→ **THE TASK**
After locating the line that contains "thumbnail image 4", quote it and all lines after it through the end of the entries, and nothing more. Pictures stay out.
**********
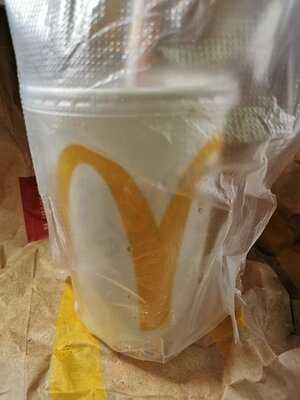 麥當勞 (新鴻基中心)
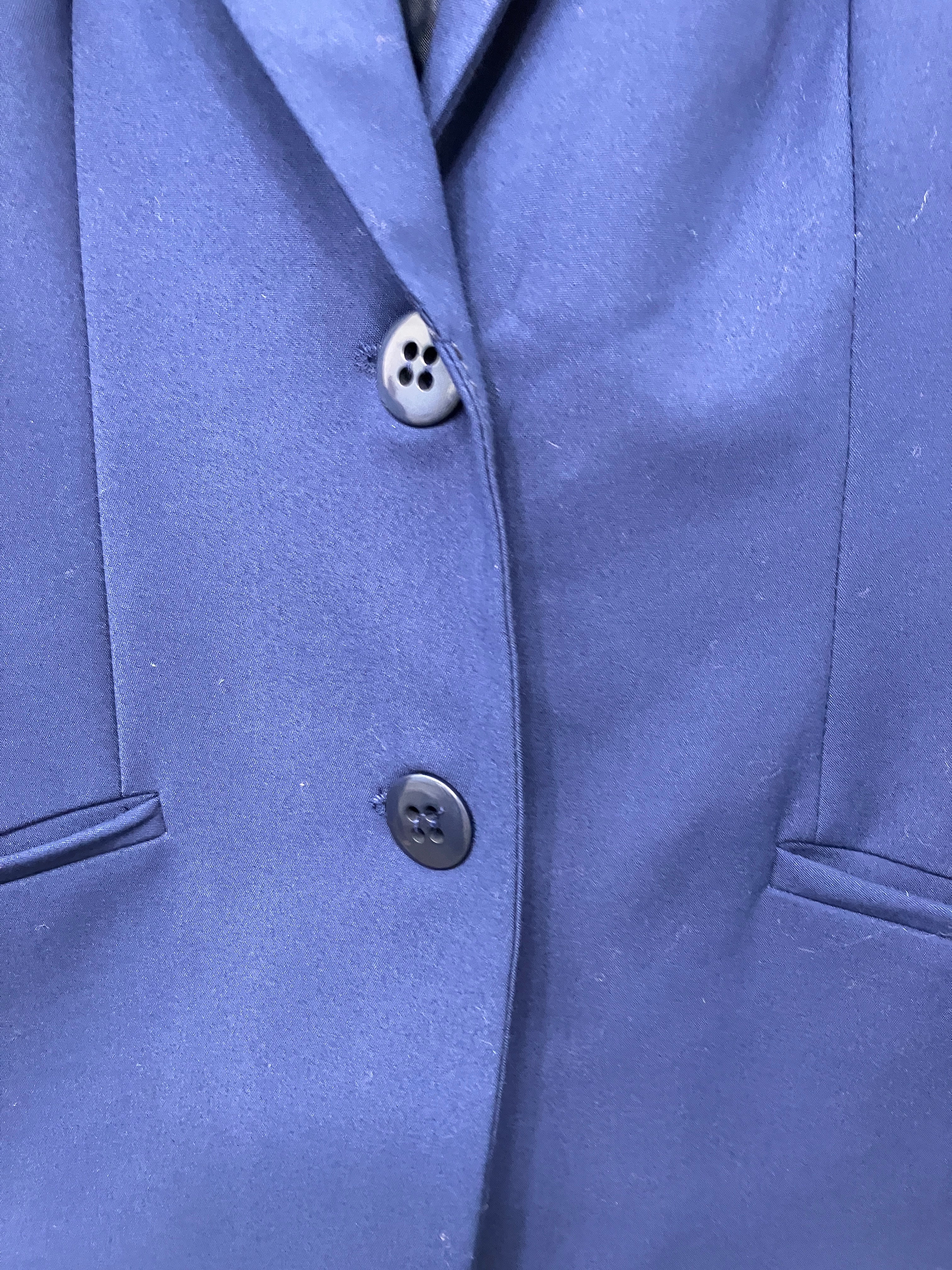A Blazer
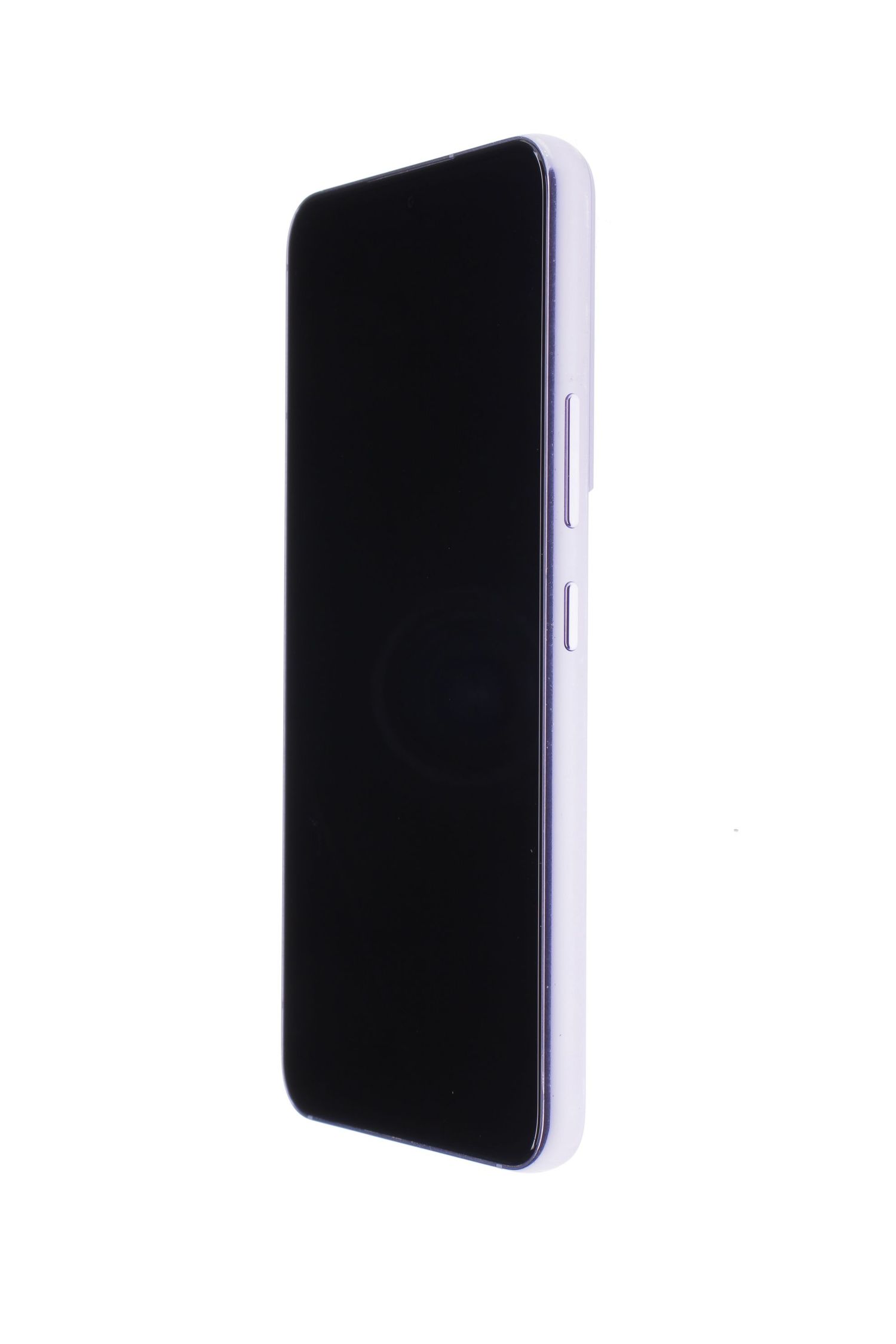 Samsung Galaxy S22 5G Dual Sim 128 GB Bora Purple - Újszerű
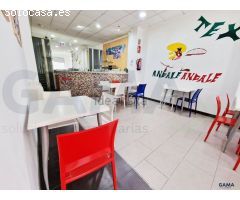 Local comercial en Venta en La Albericia, Valencia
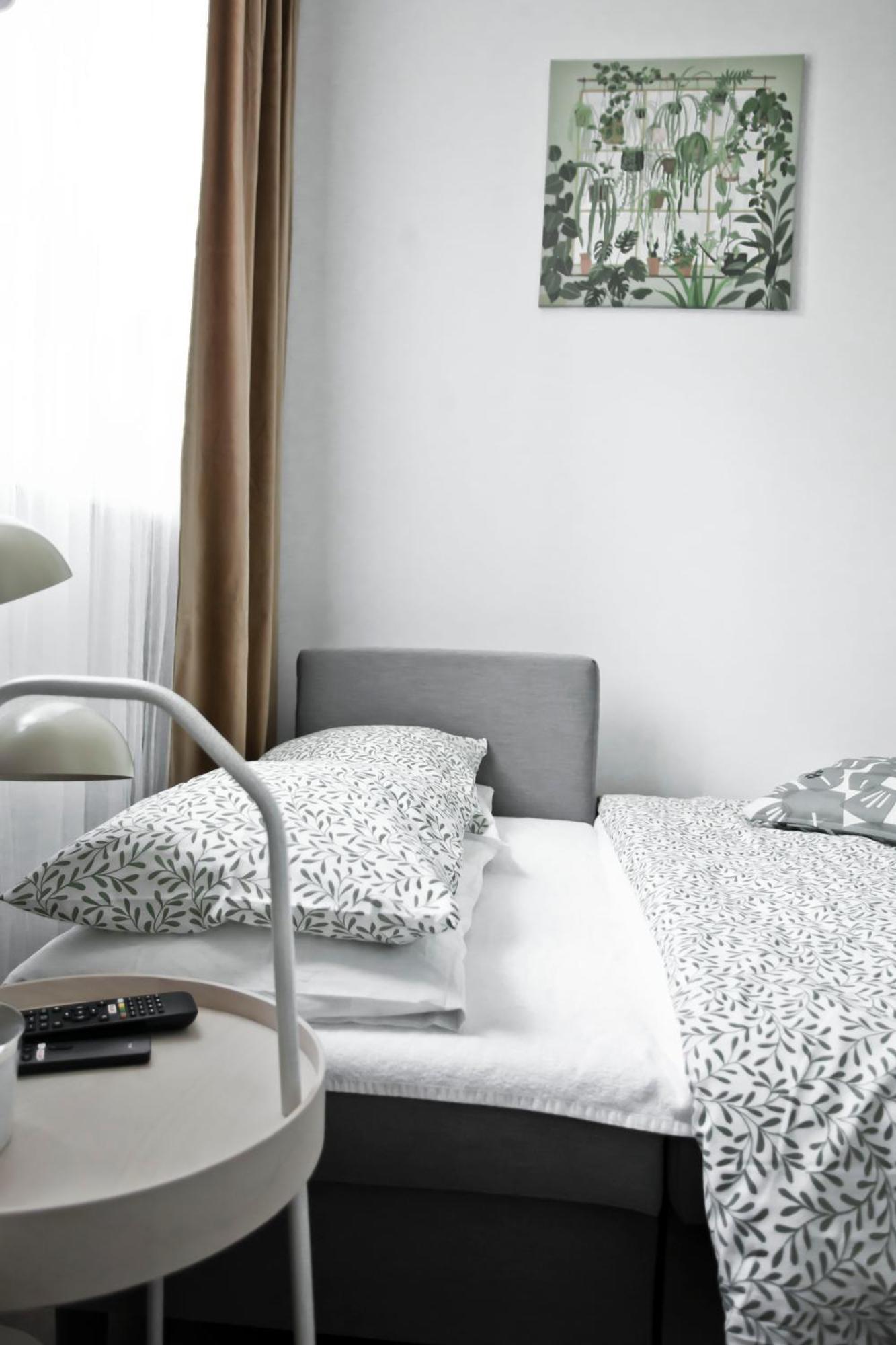 Balaton Apartamenty Trzebinia  Bagian luar foto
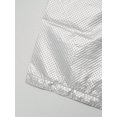 thumbnail image 4 of 5pcs Large-Sized Thick Plastic Moving Bags, Clothes & Comforters Storage Bags, 4 of 5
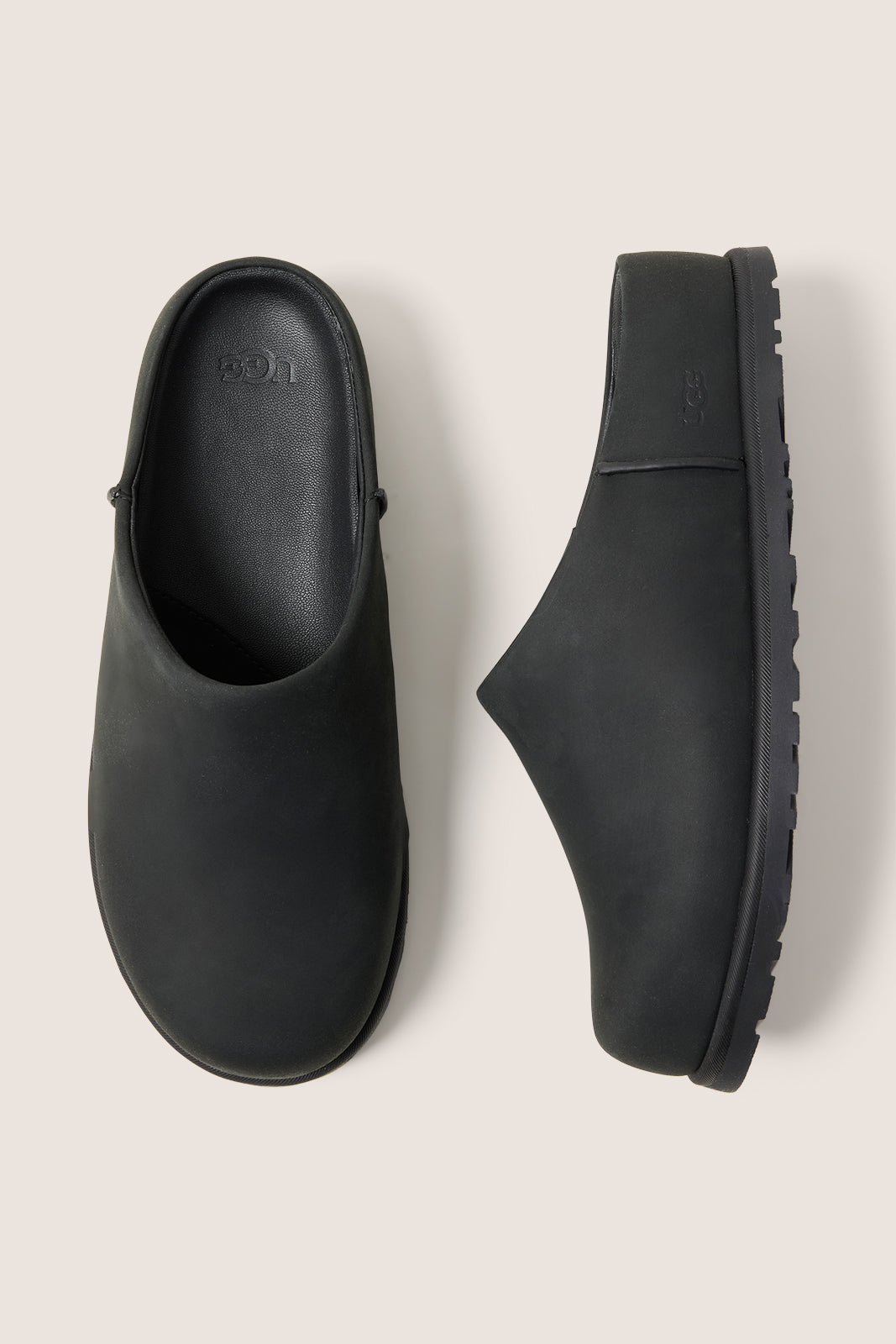 Otzo Clog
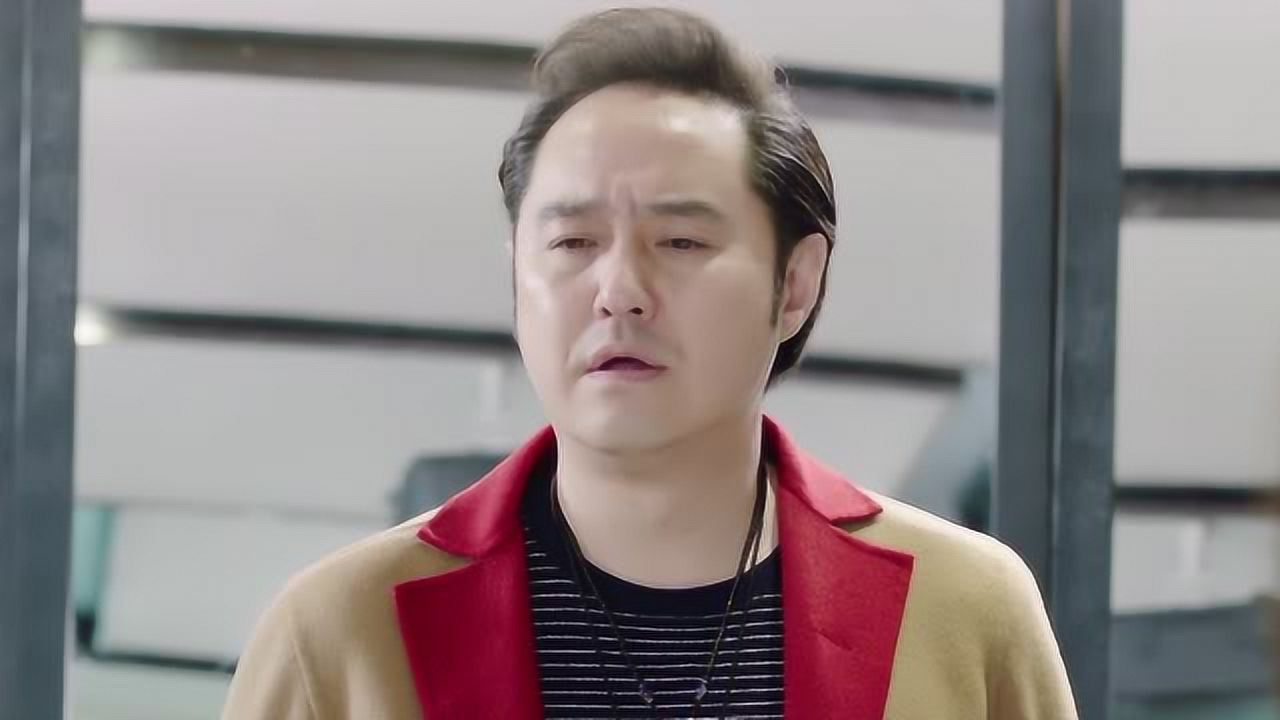 逆袭之星途璀璨 8集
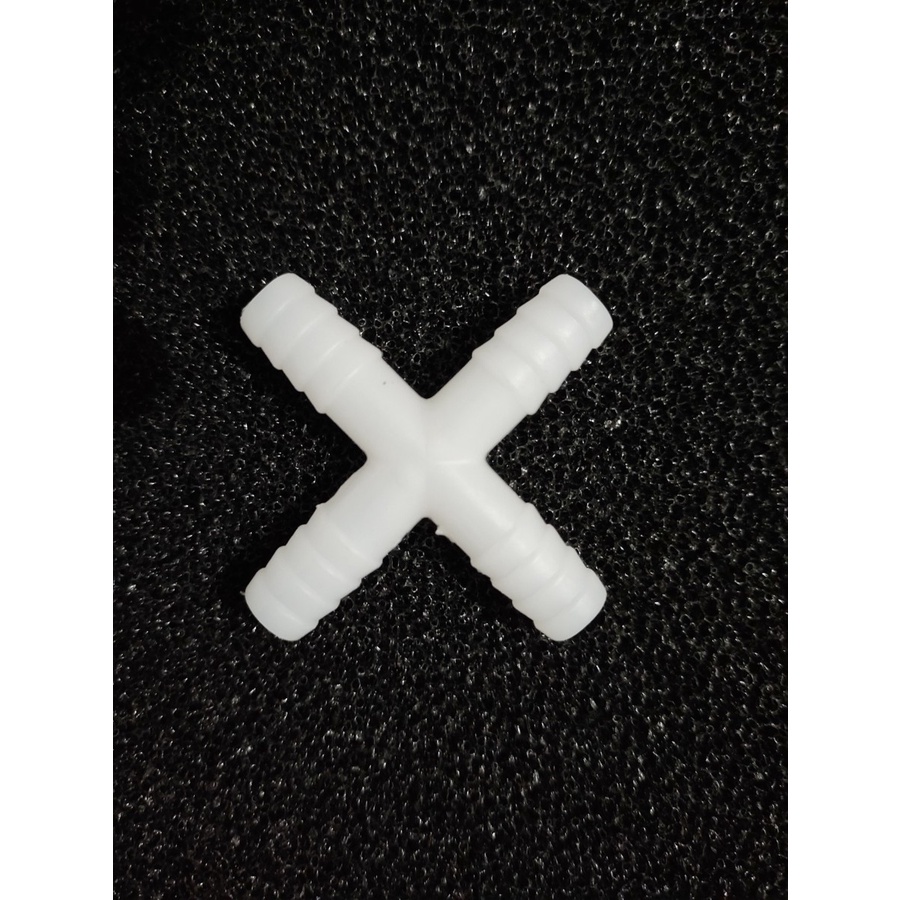 KRAN SAMBUNGAN X SELANG AERASI UNIRING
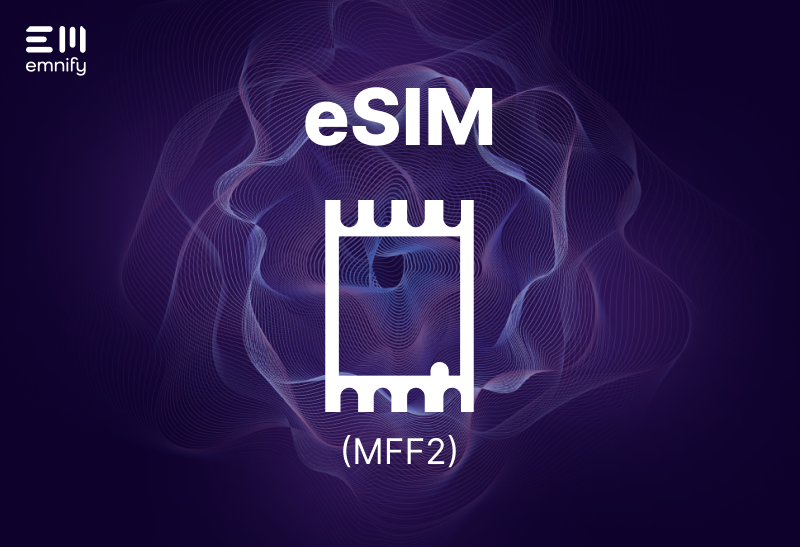 Image for post What is an eSIM?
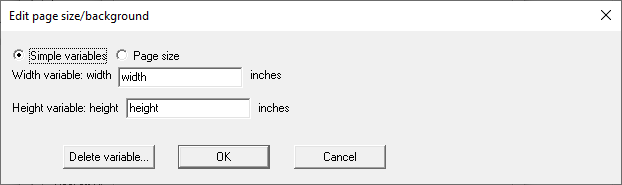 A screenshot of a computer

Description automatically generated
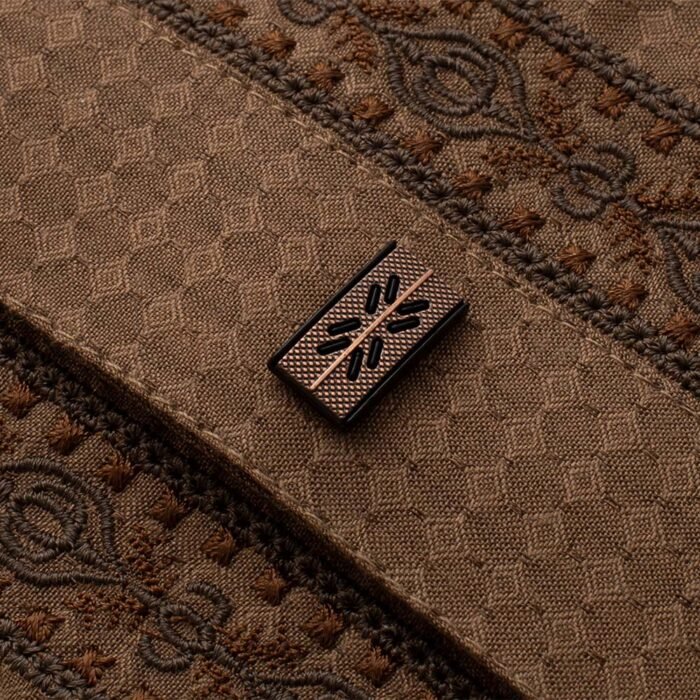 Amber Premium Panjabi – Code 280 - Image 3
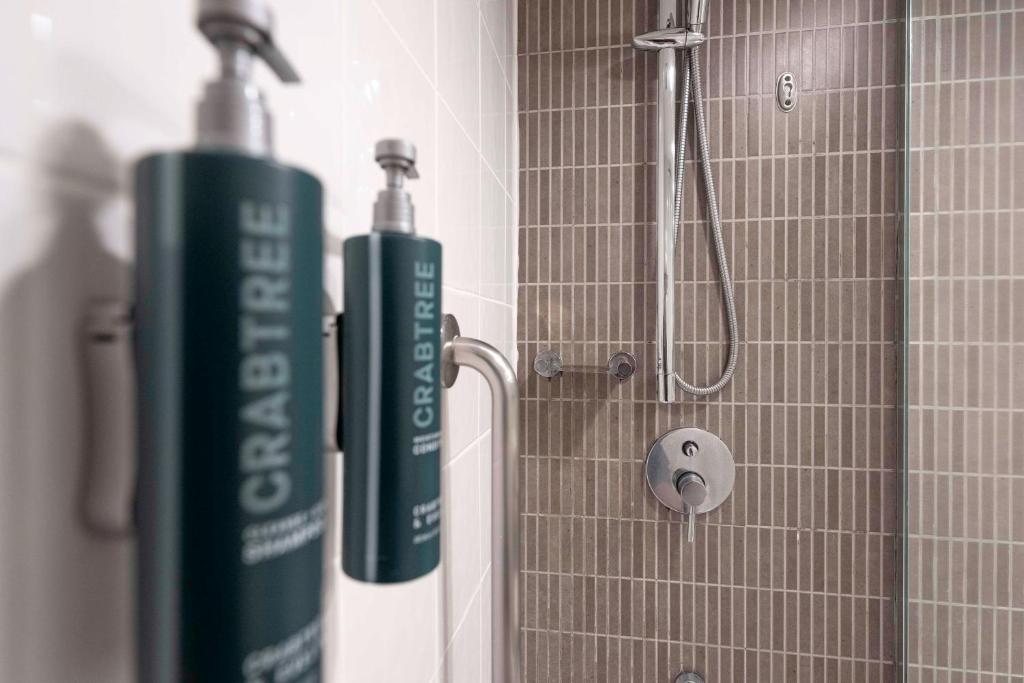 DoubleTree by Hilton Cairns - Resim 30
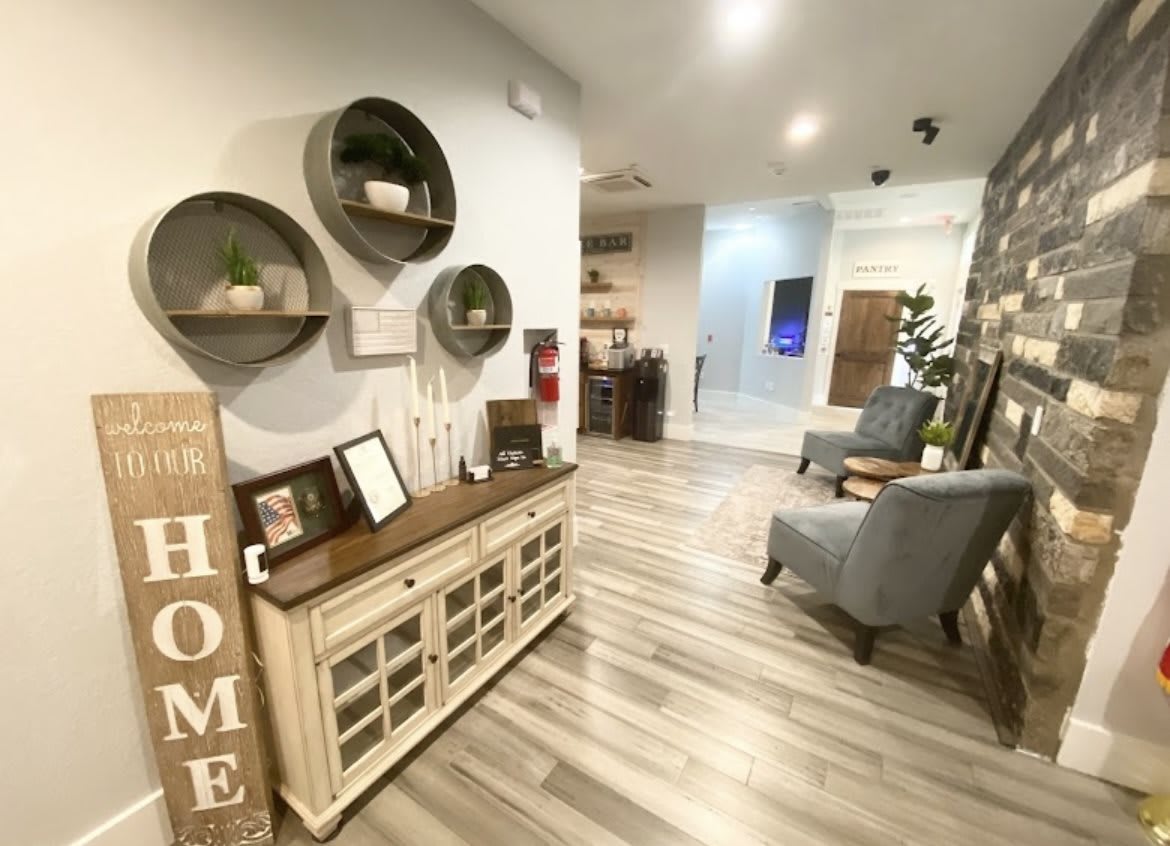 Aging Gracefully Assisted Living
**********
→ **ANSWER FOR THE TASK**
 thumbnail image 4 of 5pcs Large-Sized Thick Plastic Moving Bags, Clothes & Comforters Storage Bags, 4 of 5
 Otzo Clog
 逆袭之星途璀璨 8集
 KRAN SAMBUNGAN X SELANG AERASI UNIRING
 Image for post What is an eSIM?
 A screenshot of a computer

Description automatically generated
 Amber Premium Panjabi – Code 280 - Image 3
 DoubleTree by Hilton Cairns - Resim 30
 Aging Gracefully Assisted Living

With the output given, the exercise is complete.